Privacy? Long gone & forgotten

There, and the preceding years. Lynching Native Americans for their land, selling debtors into slavery in South America, suspending habeus corpus, supressing free press and speech. Lotta stuff.
 
Gonz said:
A country at war does things that would normally be considered outrageous & can get away with it, and they should be able to. This is typically done to an identifiable group...not the nation as a whole.

I assume that's where you're heading.
What if they never actually declare war but say they are fighting a vague term like "TERROR" which will never go away entirely?

In that case thw conflict would never end and things that "normally be considered outrageous" could be done at will to any citizen until the end of time by simply invoking the word "TERROR" whether it applies or not.

That would be a contemptible way of bypassing the Constitution and the checks and balances that the forefathers put in place right?
 
flavio said:
What if they never actually declare war but say they are fighting a vague term like "TERROR" which will never go away entirely?

Interestingly enough, that was the argument I used in another thread that you were arguing against...

flavio said:
In that case thw conflict would never end and things that "normally be considered outrageous" could be done at will to any citizen until the end of time by simply invoking the word "TERROR" whether it applies or not.

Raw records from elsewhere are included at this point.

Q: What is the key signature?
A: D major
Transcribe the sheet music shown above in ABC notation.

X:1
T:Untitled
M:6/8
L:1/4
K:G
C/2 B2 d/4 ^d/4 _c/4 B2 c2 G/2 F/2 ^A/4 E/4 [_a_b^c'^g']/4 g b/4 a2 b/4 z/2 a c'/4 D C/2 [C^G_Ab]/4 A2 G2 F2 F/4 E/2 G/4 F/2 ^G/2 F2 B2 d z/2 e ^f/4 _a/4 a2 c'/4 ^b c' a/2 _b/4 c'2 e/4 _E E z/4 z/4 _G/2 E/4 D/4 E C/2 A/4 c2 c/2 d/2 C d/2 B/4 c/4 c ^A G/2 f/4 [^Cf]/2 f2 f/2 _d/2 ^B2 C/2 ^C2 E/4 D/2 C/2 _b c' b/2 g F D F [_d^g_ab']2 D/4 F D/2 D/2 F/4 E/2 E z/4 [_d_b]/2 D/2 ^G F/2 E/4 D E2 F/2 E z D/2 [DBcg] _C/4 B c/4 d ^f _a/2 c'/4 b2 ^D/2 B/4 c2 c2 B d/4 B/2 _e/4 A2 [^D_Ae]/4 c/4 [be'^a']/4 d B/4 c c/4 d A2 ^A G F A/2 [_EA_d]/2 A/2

So how would you describe it?

flavio said:
That would be a contemptible way of bypassing the Constitution and the checks and balances that the forefathers put in place right?

Which Congress and the Judicial branch do all the time with noise from you only occurring when the decision affects one of your 'social' issues...

BTW...Private property is private property, whether the business is open to the general public, or not, IMO. Government has no business telling the business owner who he or she has to admit to their premises as long as their business is legal, and they are paying their taxes. This goes from the most ordinary to the most extreme. If the public has no tolerance for those business practices, then that business won't be around long.